I’ve mentioned the next point before but only briefly so I will repeat it just for those who missed it; the Star Wars prequels are awful. Yes they may be visually pleasing and have a lot of action, but what’s that thing they’re lacking…that….what is it… oh yes substance. The original trilogy was fantastic, with three films that really set the bar for how science fiction films should be made, and then George Lucas decided he wanted another yacht, or he wanted money to power his golden fountain that shoots out hundred dollar bills or whatever, but either way he wanted more money and so made prequels we didn’t want and/ or need. They darted off in to random political scenes that weren’t actually intelligently written when you listen to them, they were just dull. The visual effects were clearly a high priority which is why we were overloaded with head banging chase sequences and quite poorly choreographed lightsaber duels, leaving us with a script that sounded like it was written in someone’s lunch break. None of the three prequels had any where near as much interest as the original three and the characters were so deflated they made R2-D2 sound like a complex and philosophically inspiring character. And what’s that sound we all heard at the beginning of last year? It was George Lucas rubbing his hands together after signing the contract for the 3D release of the prequels.

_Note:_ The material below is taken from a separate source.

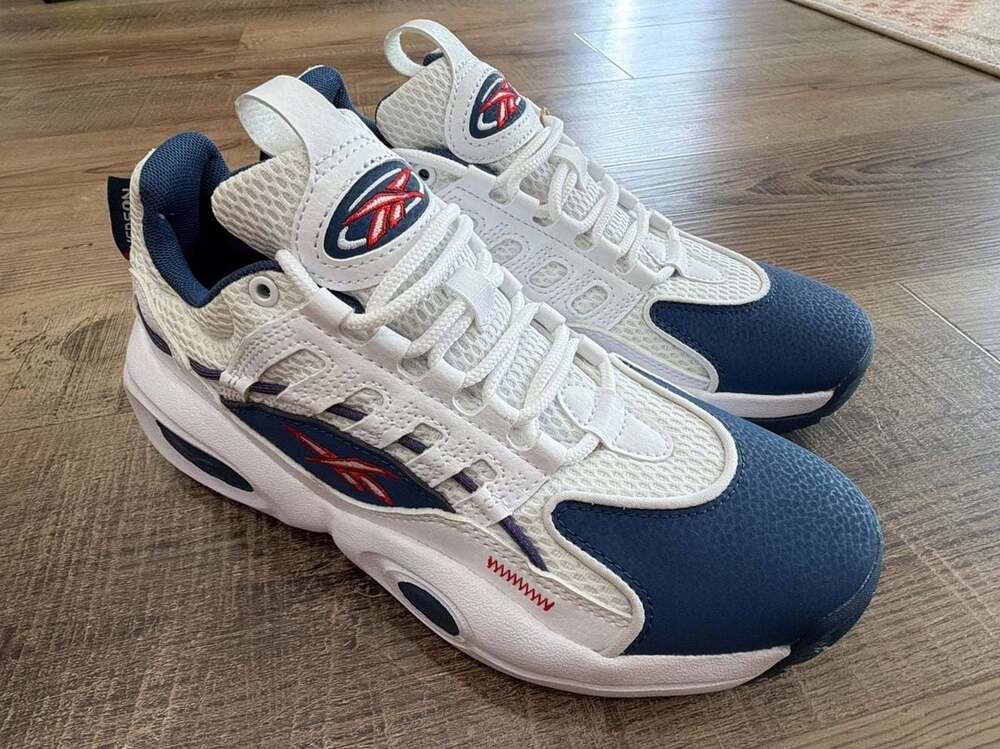 Reebok Solution Mid Allen Iverson Basketball Shoes White/Batik Blue/Vector Red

Arguments do arise frequently when I talk about films with friends and family but that’s only because I’m passionate about the art form. I’ve always said to myself that taking an interest in anything is about appreciating what you like, rather than settling for what other people like. I cannot think of any other way to describe being interested in films. If you have an opinion then stick by it no matter what people say. It’s what I have to do nearly on a daily basis, but I wouldn’t have it any other way. What’s life without a challenge every now and then?